To do
Begin with the opening line of the records and extract each line through the one holding "For Sale - 264B Compassvale Bow"; pictures are not part of the copy.

(The data)

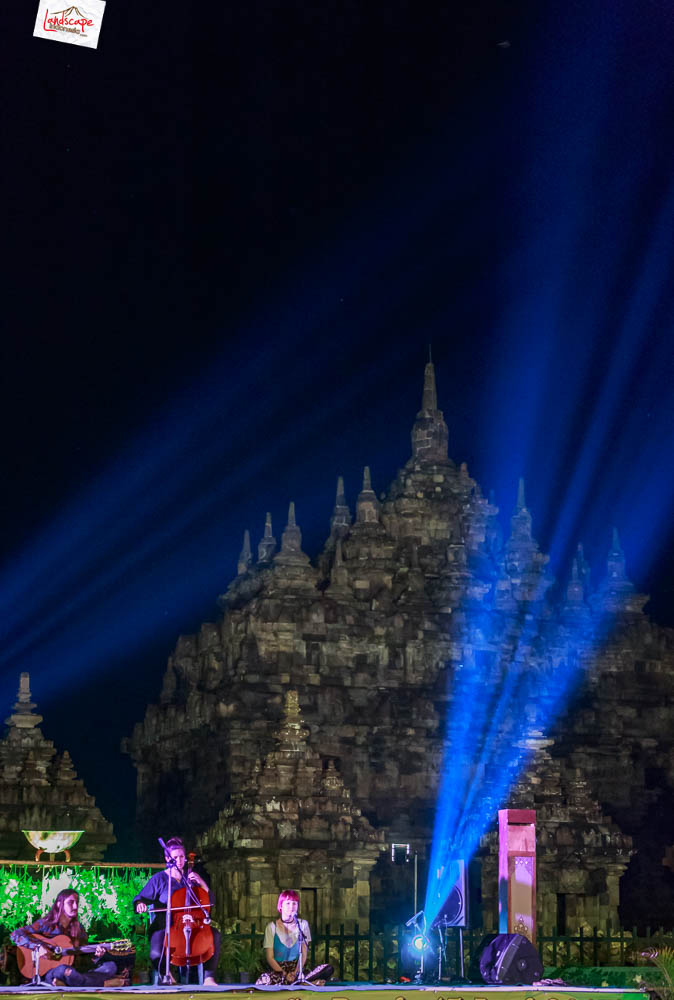 sunset di Plaosan - akustic berlatar belakang candi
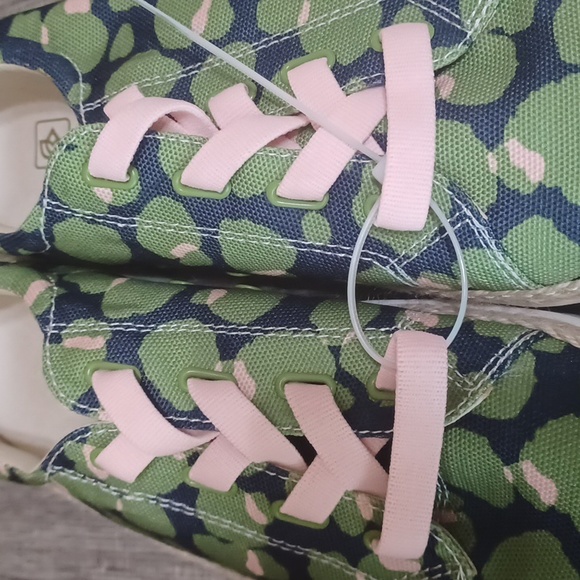Spenco Camo Tennis Shoes NWOT - Picture 5 of 9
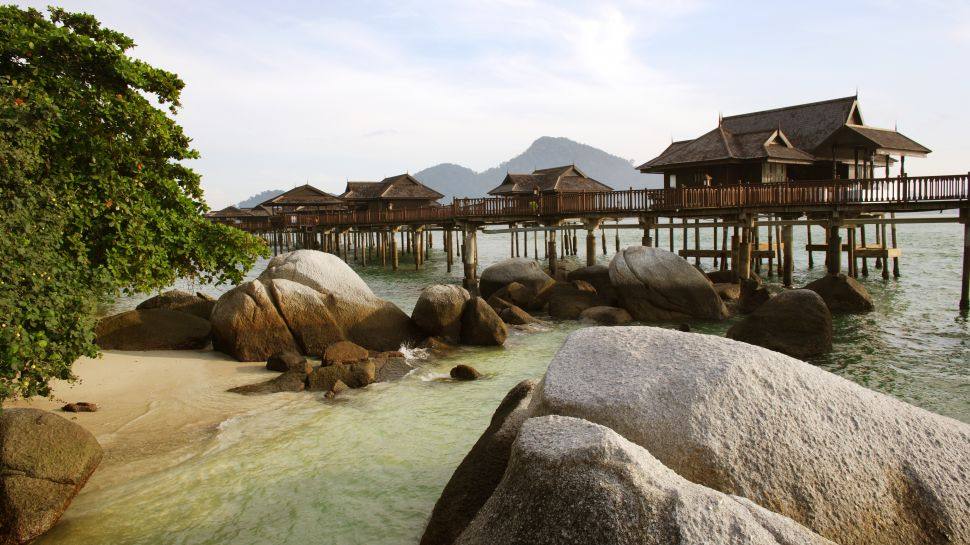 马来西亚绿中海度假村_003162-08-beach-outdoor-villas-daytime.jpg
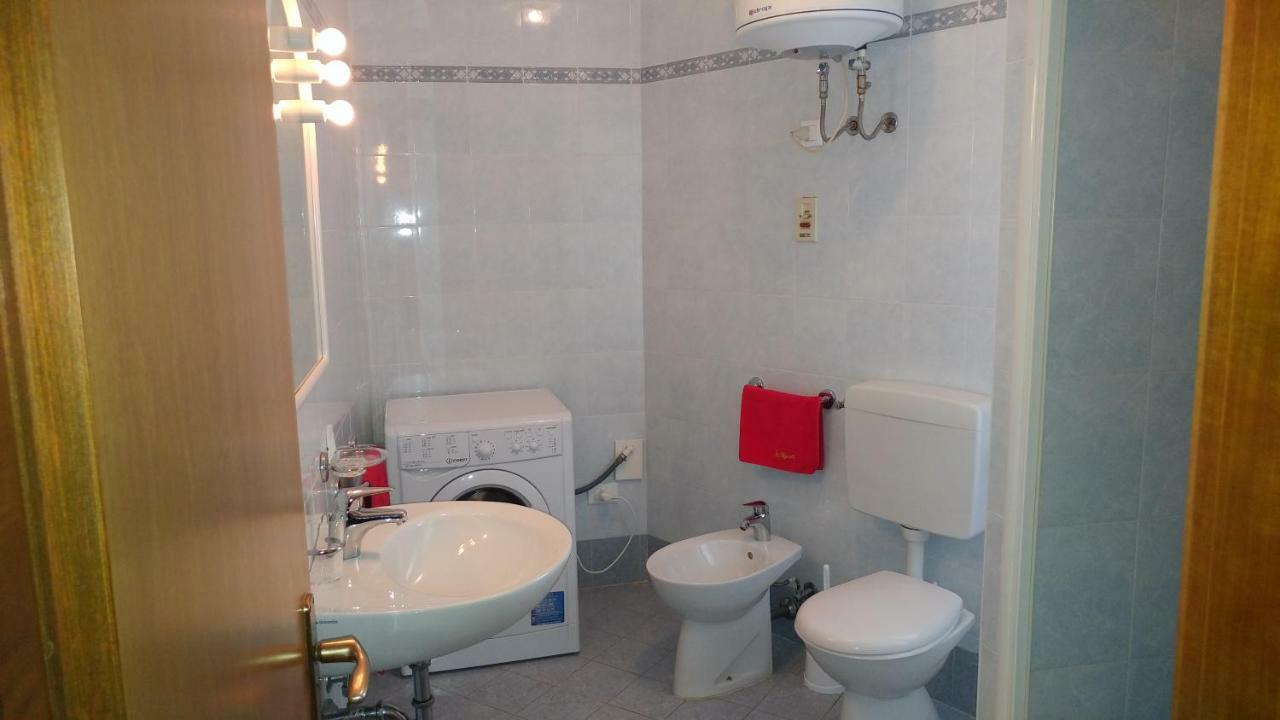 Condominio Moschettieri بيبيوني المظهر الخارجي الصورة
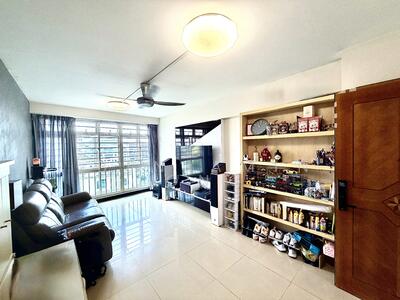 For Sale - 264B Compassvale Bow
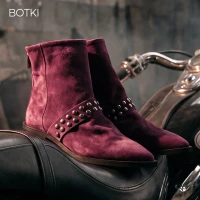 Jak nosić zamszowe kowbojki jesienią? Zestawienia ze zwiewną sukienką, jeansami i ramoneską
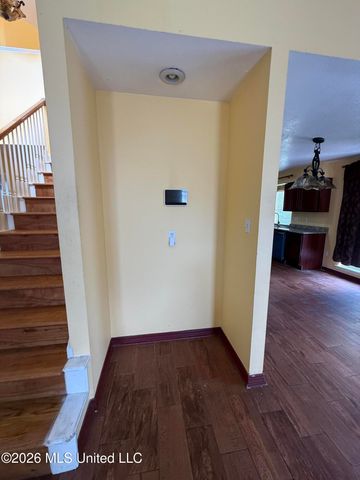 860 Ellington Drive, Biloxi, MS 39532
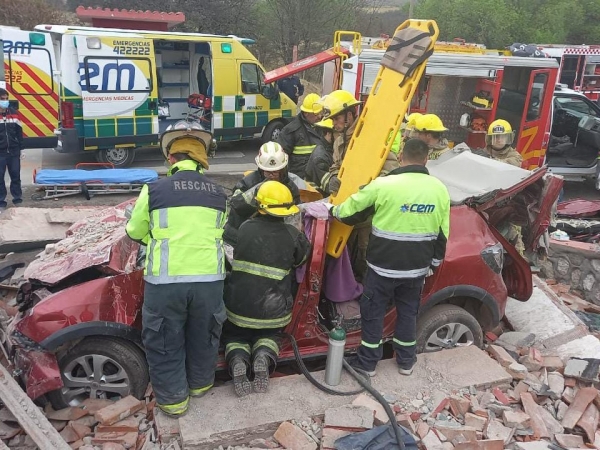 Espectacular accidente en Villa Giardino: una mujer herida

(End The data)

Answer space
 sunset di Plaosan - akustic berlatar belakang candi
Spenco Camo Tennis Shoes NWOT - Picture 5 of 9
 马来西亚绿中海度假村_003162-08-beach-outdoor-villas-daytime.jpg
 Condominio Moschettieri بيبيوني المظهر الخارجي الصورة
 For Sale - 264B Compassvale Bow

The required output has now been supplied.